The American Petroleum Institute (API) is urging EPA to include more industry experts on upstream natural gas drilling operations on its planned Science Advisory Board (SAB) panel that will review findings from its massive hydraulic fracturing study, faulting an earlier SAB panel that examined the scope of the study for lacking industry experts.

“From our perspective, critical opportunities to leverage the tremendous knowledge and experience base offered by the industry have been repeatedly missed,” API says in a Sept. 10 letter to SAB staff director Vanessa Vu.

EPA took comment through Sept. 11 on potential nominees for an ad hoc panel that will review its interim report and eventually, its final 2014 report in the study, according to an Aug. 21 Federal Register notice.

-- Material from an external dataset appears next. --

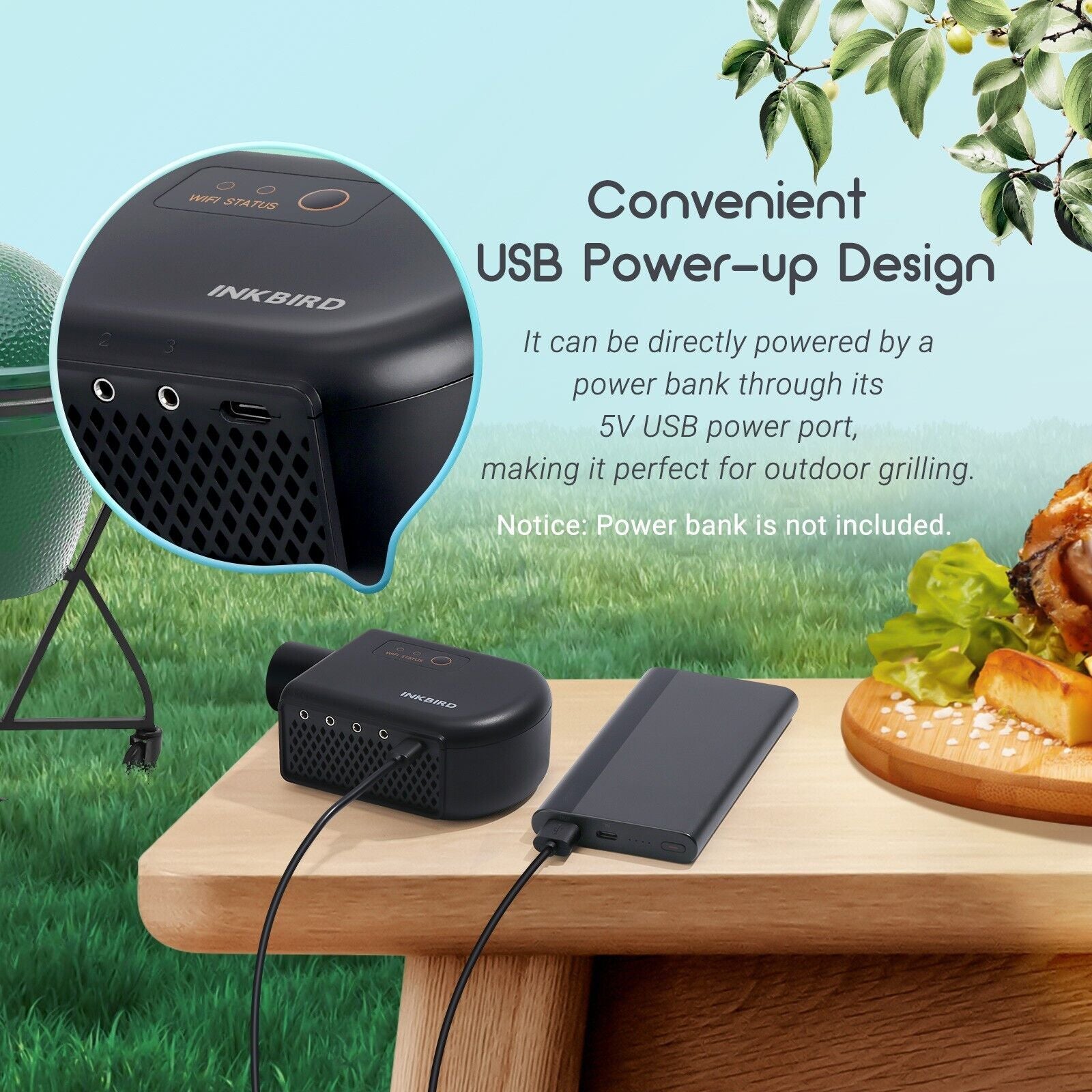 INKBIRD ISC027BW WiFi and Bluetooth Smoker Fan Controller for BBQ Temperature Management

The panel is the second EPA has created in connection with the two-year study, with the first advising the agency last year on the design of the planned study. The chartered SAB approved those recommendations last July.

The study is being jointly conducted by EPA's Office of Research & Development (ORD) and Office of Water, spurred by a request in EPA's 2010 appropriations bill that the agency study the possible adverse effects of fracking on drinking water resources. The analysis is expected to consist of two prospective and five retrospective case studies where EPA will examine how the natural gas operations in several states interact with drinking water supplies in addition to laboratory analysis and other research.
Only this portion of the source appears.